A Peripheral Matter? Oceans in the East in Late Medieval Thought, Report and Cartography

O’Doherty, Marianne

Bulletin of International Medieval Research, 16, 1-40 (2010)

Abstract

It is something of a truism that the Ocean Sea (mare oceanum in medieval texts and cartography) marked out a real and conceptual periphery for medieval Western Europeans.
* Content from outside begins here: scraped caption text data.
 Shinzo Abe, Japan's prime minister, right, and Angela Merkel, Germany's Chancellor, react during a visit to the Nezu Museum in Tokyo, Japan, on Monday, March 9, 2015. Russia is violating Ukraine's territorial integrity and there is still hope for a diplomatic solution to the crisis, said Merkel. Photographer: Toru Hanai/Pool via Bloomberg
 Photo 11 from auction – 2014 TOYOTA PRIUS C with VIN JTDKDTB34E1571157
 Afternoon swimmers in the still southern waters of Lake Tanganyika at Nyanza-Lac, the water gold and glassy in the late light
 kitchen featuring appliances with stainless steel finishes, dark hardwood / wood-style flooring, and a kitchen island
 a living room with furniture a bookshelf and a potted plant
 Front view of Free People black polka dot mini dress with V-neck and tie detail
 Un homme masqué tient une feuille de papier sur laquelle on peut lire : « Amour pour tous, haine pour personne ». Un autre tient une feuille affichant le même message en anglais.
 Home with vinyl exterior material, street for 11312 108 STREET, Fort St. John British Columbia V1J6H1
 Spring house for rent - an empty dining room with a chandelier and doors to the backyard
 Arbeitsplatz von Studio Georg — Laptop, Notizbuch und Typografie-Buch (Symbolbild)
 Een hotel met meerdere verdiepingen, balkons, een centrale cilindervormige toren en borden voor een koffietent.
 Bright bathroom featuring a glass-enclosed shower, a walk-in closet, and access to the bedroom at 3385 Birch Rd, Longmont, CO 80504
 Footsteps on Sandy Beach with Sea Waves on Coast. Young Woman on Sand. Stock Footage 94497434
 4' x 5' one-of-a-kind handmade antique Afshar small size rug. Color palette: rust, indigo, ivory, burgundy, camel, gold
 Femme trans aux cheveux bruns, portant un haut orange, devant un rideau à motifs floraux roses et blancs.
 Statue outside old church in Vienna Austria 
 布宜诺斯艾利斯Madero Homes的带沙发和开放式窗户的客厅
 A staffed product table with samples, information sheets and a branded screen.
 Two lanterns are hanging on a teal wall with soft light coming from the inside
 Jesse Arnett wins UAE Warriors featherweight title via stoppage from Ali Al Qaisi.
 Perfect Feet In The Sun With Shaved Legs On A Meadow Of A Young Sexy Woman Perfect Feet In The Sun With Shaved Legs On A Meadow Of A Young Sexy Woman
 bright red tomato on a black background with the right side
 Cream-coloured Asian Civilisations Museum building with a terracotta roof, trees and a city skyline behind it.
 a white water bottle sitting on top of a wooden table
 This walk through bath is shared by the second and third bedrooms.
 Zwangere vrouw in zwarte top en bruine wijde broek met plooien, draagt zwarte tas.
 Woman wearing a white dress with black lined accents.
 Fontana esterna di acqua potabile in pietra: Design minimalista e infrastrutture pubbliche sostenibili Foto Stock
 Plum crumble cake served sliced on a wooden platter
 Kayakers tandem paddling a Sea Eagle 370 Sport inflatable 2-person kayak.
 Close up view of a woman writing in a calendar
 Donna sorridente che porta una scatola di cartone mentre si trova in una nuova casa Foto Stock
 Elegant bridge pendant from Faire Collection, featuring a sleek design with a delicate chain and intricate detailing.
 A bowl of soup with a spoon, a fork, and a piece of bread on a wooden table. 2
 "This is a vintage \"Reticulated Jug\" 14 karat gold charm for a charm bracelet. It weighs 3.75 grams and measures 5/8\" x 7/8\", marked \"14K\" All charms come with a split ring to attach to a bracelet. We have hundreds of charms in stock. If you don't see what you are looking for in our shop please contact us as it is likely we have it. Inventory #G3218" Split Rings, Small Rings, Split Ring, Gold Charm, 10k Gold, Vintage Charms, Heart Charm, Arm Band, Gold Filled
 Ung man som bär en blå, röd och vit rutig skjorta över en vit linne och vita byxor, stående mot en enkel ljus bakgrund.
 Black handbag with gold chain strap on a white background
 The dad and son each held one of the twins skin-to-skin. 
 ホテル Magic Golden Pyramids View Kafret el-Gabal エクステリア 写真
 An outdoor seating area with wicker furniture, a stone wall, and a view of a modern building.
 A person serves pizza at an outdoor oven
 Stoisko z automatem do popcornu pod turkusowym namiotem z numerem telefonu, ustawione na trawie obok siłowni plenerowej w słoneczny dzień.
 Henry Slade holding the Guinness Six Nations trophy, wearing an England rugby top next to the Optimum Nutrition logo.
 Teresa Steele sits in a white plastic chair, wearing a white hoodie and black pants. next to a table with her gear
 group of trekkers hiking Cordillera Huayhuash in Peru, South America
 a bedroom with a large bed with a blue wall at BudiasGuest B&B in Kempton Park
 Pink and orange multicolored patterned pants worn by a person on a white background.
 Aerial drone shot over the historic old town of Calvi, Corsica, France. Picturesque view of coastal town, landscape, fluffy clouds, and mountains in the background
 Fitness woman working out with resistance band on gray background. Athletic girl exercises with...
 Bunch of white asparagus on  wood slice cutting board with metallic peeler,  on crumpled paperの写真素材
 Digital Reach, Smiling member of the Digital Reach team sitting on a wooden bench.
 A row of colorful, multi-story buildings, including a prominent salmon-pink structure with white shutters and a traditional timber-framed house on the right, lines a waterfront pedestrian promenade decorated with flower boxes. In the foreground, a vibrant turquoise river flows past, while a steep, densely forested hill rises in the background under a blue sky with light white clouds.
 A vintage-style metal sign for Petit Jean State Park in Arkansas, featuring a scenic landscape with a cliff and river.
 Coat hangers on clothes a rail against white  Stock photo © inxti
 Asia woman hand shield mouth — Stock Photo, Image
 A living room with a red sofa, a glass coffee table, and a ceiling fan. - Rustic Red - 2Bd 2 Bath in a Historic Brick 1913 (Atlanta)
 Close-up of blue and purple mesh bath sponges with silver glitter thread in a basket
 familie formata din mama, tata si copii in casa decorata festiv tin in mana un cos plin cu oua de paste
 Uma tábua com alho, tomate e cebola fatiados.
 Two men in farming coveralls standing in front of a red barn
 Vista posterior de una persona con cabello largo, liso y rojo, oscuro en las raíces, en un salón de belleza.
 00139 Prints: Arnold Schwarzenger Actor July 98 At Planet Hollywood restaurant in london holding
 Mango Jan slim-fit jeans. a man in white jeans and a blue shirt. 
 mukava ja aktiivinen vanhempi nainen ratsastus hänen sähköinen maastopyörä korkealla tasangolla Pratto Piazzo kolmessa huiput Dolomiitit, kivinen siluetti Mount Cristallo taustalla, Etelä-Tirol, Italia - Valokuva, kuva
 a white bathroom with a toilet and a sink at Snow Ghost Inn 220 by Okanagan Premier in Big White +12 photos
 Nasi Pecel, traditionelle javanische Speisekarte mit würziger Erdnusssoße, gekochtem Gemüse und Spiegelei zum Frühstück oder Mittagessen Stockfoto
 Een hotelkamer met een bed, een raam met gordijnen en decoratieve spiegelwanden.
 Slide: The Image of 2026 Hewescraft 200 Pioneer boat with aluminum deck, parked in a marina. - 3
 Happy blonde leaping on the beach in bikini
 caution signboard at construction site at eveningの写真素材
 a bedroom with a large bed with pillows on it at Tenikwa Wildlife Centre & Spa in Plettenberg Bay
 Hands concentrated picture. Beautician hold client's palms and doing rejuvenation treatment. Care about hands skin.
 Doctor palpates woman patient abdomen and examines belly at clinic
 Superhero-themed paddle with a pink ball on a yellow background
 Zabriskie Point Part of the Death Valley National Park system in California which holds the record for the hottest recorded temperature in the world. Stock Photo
Indeed, when I delivered a version of this paper at my home university, a questioner asked how it was possible that Christopher Columbus, towards the end of the fifteenth century, should suddenly decide to sail westwards from Spain, into the unknown; surely to do so was to break through a conceptual barrier?1 Scholarly perceptions of the ocean (and in particular the Atlantic) as a geographical and conceptual boundary in the Middle Ages are built on solid medieval foundations; voyage legends like the eighth- or ninth- century account of the Irish saint Brendan, reworked and translated repeatedly through to the fifteenth century and beyond, both reinforced and capitalised on this notion. In the Navigatio sancti Brandani, the ocean voyage is imagined as a liminal phenomenon, suspended between earthly life in the terrestrial world and paradise, envisaged as an oceanic island, beyond it.

Many famous medieval maps, such as the late thirteenth-century Hereford Map and its near-contemporary, the no longer extant Ebstorf world map, can be adduced to support the ocean‟s conceptually peripheral status in this period. Nevertheless, the genesis of the paper on which this article is based lay in a simple observation: that in a corpus of detailed world maps drawn in the fourteenth and fifteenth centuries – the same period in which the Voyage of St Brendan and texts like it were circulating across Europe – the notion of the ocean sea as a peripheral phenomenon is repeatedly and graphically counteracted.